394 lines (302 loc) · 14.1 KB

CircleCI GoDoc Go Report Card

MinBFT

Status

This project is in experimental development stage. It is not suitable for any kind of production use. Interfaces and implementation may change significantly during the life cycle of the project.

What is MinBFT

MinBFT is a pluggable software component that allows to achieve Byzantine fault-tolerant consensus with fewer consenting nodes and less communication rounds comparing to the conventional BFT protocols. The component is implemented based on Efficient Byzantine Fault-Tolerance paper, a BFT protocol that leverages secure hardware capabilities of the participant nodes.

This project is an implementation of MinBFT consensus protocol.
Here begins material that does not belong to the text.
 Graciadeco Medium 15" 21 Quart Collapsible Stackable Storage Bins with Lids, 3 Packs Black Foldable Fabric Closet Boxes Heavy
The code is written in Golang, except the TEE part which is written in C, as an Intel® SGX enclave.

Why MinBFT

Byzantine fault-tolerant (BFT) protocols are able to achieve high transaction throughput in permission-based consensus networks with static configuration of connected nodes. However, existing components such as Practical Byzantine Fault Tolerance (PBFT) consensus plugin still incur high communication cost. Given the pervasive Trusted Execution Environments (TEE) on commodity platforms, we see a strong motivation to deploy more efficient BFT protocols that leverage the TEE applications as trust anchors even on faulty nodes.
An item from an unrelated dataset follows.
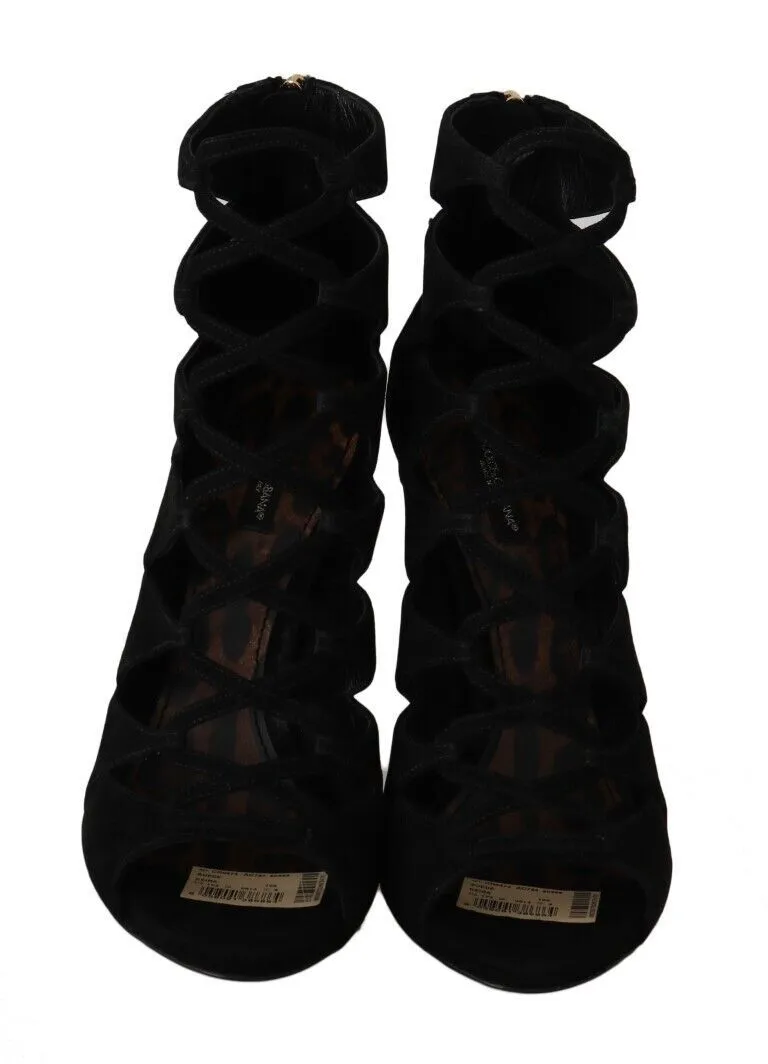 Boot Sandals Dolce & Gabbana Black Suede Ankle Strap Sandals Boots Shoes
TEEs are pervasive nowadays and supported by many commodity platforms. For instance, Intel® SGX is being deployed on many PCs and servers, while mobile platforms are mostly supported by Arm Trustzone. TEEs rely on secure hardware to provide data protection and code isolation from a compromised hosting system. Here, we propose such a consensus component that implements MinBFT, a BFT protocol that leverages TEEs to prevent message equivocation, and thus reducing the required number of consenting nodes as well as communication rounds given the same fault-tolerance threshold. More specifically, it requires only 2f+1 consenting nodes in order to tolerate f faulty nodes (or tolerate up to half of faulty nodes); meanwhile, committing a message requires only 2 rounds of communication among the nodes instead of 3 rounds as in PBFT.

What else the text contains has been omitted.